Run as a systemd user service (optional)

For persistent daemonization on Linux, example unit file in the OSS repo under examples/systemd/tokenpak.service.

Non-localhost access (LAN exposure)

If you want to expose the proxy to other machines on your LAN, set an auth token:

export TOKENPAK_PROXY_AUTH_TOKEN=$(openssl rand -hex 32)
tokenpak start

Non-localhost clients must then include X-TokenPak-Auth: <your-token> on every request.
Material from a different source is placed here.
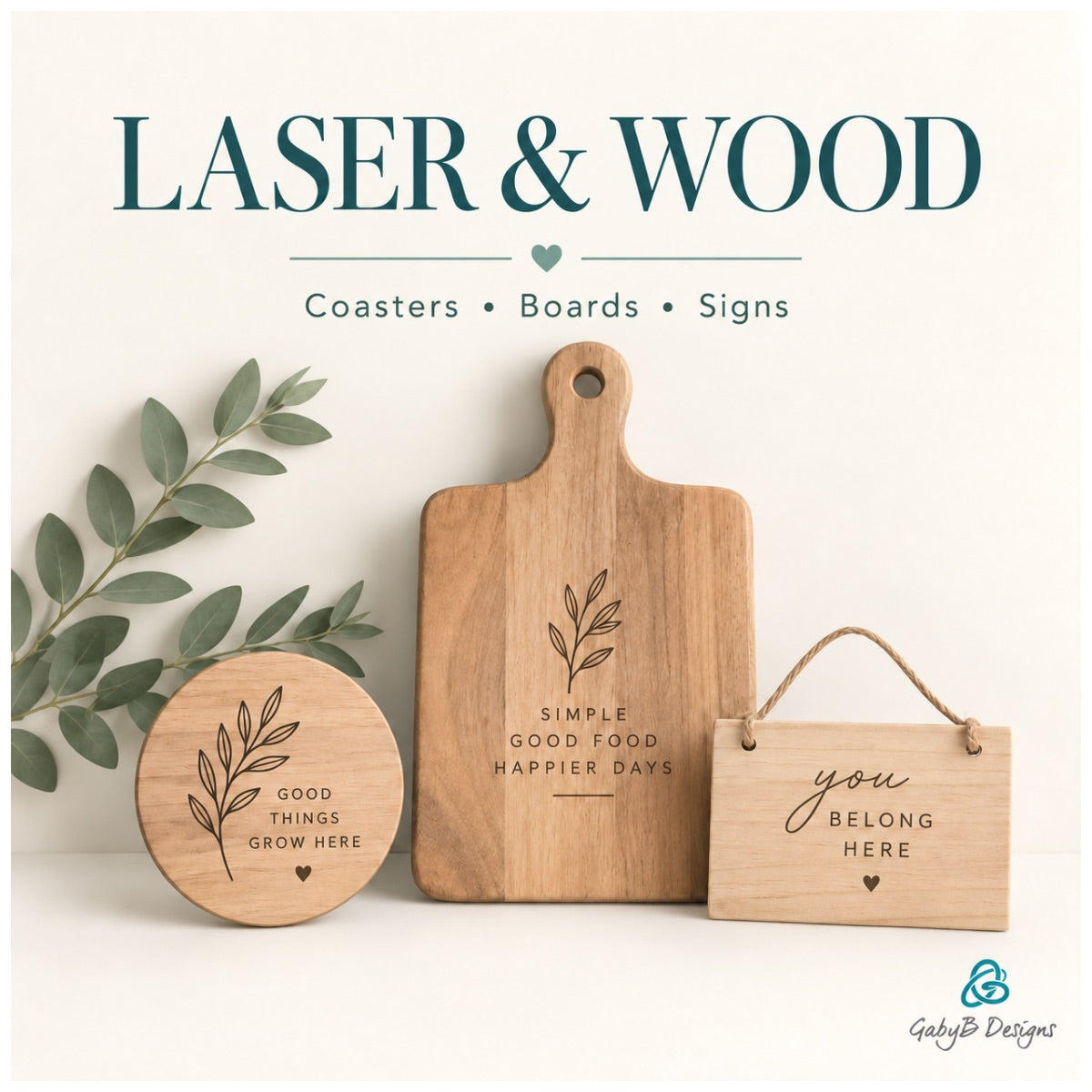 Laser and Wood Creations collection by Gaby B Designs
Localhost is always allowed; the proxy auth token is stripped before anything is forwarded upstream (the SC+1 I5 conformance gate enforces this).

Next steps

  • Tune compressiontokenpak recipe --help for custom compression recipes.
  • Monitor savings — dashboard at http://127.0.0.1:8766/dashboard.
  • Route-class policiestokenpak/services/policy_service/presets/*.yaml in the OSS repo ship per-client policies (Claude Code variants, Anthropic SDK, OpenAI SDK, generic).
  • Spend Guardtokenpak budget --help to configure rolling per-agent and per-fleet caps. The pre-send circuit breaker blocks runaway requests before they hit the provider.

Troubleshooting

"Connection refused" on http://127.0.0.1:8766

  • Verify the proxy is running: tokenpak status.
  • Check port 8766 isn't in use: lsof -i :8766.
  • Re-run tokenpak start (or the wizard via tokenpak setup).

"API key invalid" errors

  • Ensure your provider key is set: echo $ANTHROPIC_API_KEY.
  • TokenPak is transparent — your API key must be valid upstream.
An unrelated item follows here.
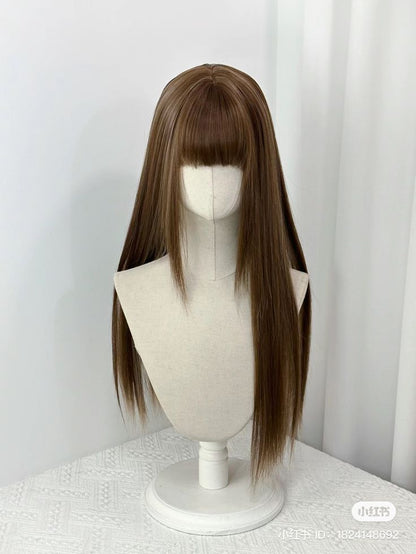 Puff Full Head Wig (Straight-Wavy)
No savings showing after a few requests

  • Check tokenpak status — it should show request count + token metrics.
  • If the proxy is correctly receiving traffic but savings look low, verify your workload path. Provider-cached flows (Claude Code) show lower incremental gains (see Savings reporting).
  • First request is always uncached; give it a few more.

Wizard prints "No API keys detected"

  • Set at least one of ANTHROPIC_API_KEY, OPENAI_API_KEY, or GOOGLE_API_KEY before running tokenpak setup.